Mr. KAHN. Mr. Turner, it is altogether premature, I believe. We have nothing like that. I doubt very much the companies themselves have their rate schedules as yet. They have not started laying the pipe yet.

Mr. STAFFORD. Mine is a general statement. Once they do-you have to arrive at the value first.

Mr. TURNER. Let me say it in plain terms. Do you know how they are going to run their pipeline? Do you know the degree to which independents will be able to use that pipeline? Do you know of any restrictions placed upon the pipeline? Do you now have any studies or information to show what is going to happen with respect to that pipeline at the beginning, the end, and in the middle?

Mr. STAFFORD. They will be able to use it in the appropriate ratio. Any independent that is in the area and can deliver the oil will be given the ratio of the barrels as compared to the larger ones that are already using it, the owners of the pipeline. They must make that available to the independent.

Mr. TURNER. This is a hearing on information. So all I am asking is where would I be able to find that information for any pipeline? Mr. STAFFORD. This is true of any pipeline. Any independent has the right. They have to do that.

Mr. BREWER. The common carrier must hold itself out.

Mr. STAFFORD. There have been absolutely no complaints coming to my attention at least in the past, for as long as I have been with the Commission. Well, we may have a case now. I don't know if it is based on that alone. No, it is not on discrimination.

We have been over that ground quite a bit in the last year or two here. There just are no indications that any independent is being denied the right to use the major pipelines.

Mr. TURNER. With respect to the debt of the pipeline as well as the railroad will form R as well as form P show the holders of the longand short-term debt?

Mr. GRADY. No, it will not.

Mr. TURNER. Don't you feel that you have the authority to put that in there or to ask for that?

Mr. GRADY. Yes. I believe we have the authority, Mr. Turner. Again, I guess it depends on what your objectives are, after you collect the information. That is, how the information can be used. As I said before in my judgment the nature of pipeline companies is such that if the objective was to disclose control and ownership, I think you are in the wrong area. I think you should be at the oil company level and not at the pipeline company. It would be, in my judgment, at least akin to finding out who controls General Motors if they happen to own a trucking company that ships their cars to the dealers. It would be a similar relationship in my mind.

If you focused on the motor carrier that happened to ship the cars for General Motors and attempted to find out the ownership of debt and entity, if they had such an entity, I would think that you would be in the wrong area.

Mr. TURNER. Let me go to another matter which relates to the railroads.

Mr. Chairman, Norton Simon testified that he resigned from the

board of Burlington Northern after 22 years because, among other things, of the failure of the corporation to make adequate disclosure in connection with a large securities offer.
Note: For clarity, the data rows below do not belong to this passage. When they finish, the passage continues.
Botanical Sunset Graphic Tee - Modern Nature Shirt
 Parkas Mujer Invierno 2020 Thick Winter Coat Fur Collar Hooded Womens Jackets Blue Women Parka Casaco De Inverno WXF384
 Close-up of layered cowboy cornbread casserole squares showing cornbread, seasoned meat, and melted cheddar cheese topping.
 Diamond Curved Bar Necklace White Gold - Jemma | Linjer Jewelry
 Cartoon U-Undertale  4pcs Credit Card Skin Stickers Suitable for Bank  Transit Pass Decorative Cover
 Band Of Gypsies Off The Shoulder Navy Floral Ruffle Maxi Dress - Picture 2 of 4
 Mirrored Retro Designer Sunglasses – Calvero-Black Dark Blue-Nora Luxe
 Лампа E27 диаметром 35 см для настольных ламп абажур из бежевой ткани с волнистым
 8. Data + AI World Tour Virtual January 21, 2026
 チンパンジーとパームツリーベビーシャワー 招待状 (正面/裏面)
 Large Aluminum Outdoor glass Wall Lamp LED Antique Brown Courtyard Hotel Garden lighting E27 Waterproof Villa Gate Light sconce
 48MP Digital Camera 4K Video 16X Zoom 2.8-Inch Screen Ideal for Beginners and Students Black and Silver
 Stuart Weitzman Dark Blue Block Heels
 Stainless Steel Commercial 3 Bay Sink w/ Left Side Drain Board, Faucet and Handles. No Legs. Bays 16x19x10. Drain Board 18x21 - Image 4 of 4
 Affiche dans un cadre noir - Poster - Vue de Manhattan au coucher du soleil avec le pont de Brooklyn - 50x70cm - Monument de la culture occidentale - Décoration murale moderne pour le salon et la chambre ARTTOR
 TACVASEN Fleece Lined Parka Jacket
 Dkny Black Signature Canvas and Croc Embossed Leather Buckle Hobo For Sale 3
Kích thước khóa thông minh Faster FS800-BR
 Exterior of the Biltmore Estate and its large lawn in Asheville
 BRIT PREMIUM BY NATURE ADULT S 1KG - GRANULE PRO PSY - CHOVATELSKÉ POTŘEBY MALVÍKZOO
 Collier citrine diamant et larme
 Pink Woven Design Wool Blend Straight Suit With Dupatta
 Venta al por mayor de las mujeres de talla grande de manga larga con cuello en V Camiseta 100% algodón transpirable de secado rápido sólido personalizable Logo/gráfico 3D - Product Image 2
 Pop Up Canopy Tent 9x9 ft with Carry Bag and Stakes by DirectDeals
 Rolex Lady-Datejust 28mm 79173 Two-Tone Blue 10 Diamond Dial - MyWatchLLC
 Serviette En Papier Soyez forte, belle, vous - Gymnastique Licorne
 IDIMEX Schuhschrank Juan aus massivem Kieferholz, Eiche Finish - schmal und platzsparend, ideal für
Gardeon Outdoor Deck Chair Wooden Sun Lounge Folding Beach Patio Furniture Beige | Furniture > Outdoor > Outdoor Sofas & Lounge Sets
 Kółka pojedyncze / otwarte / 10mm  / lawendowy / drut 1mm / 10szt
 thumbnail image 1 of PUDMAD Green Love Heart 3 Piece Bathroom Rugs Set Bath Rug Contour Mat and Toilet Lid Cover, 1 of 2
He alleged the company failed to disclose the extent to which maintenance was being deferred, loss of revenue due to long-term commitments, and so forth.

He further testified that he did not see the management circular on this prospective bond offer until 2 days after it had been distributed to Wall Street bankers and that as a result of his challenges at a board meeting, he caused it to be revised.

Norton Simon said that he called Chairman Stafford and said that he was disturbed that a circular was going out that did not adequately disclose the facts about Burlington Northern. The chairman said I will turn it over to my staff, but I have got the message they ought to do something about it.

I presume you knew this question was coming, Mr. Chairman: The logical question is what action did you or your staff take at that time that Norton Simon indicated his concern that he had with respect to Burlington Northern disclosure?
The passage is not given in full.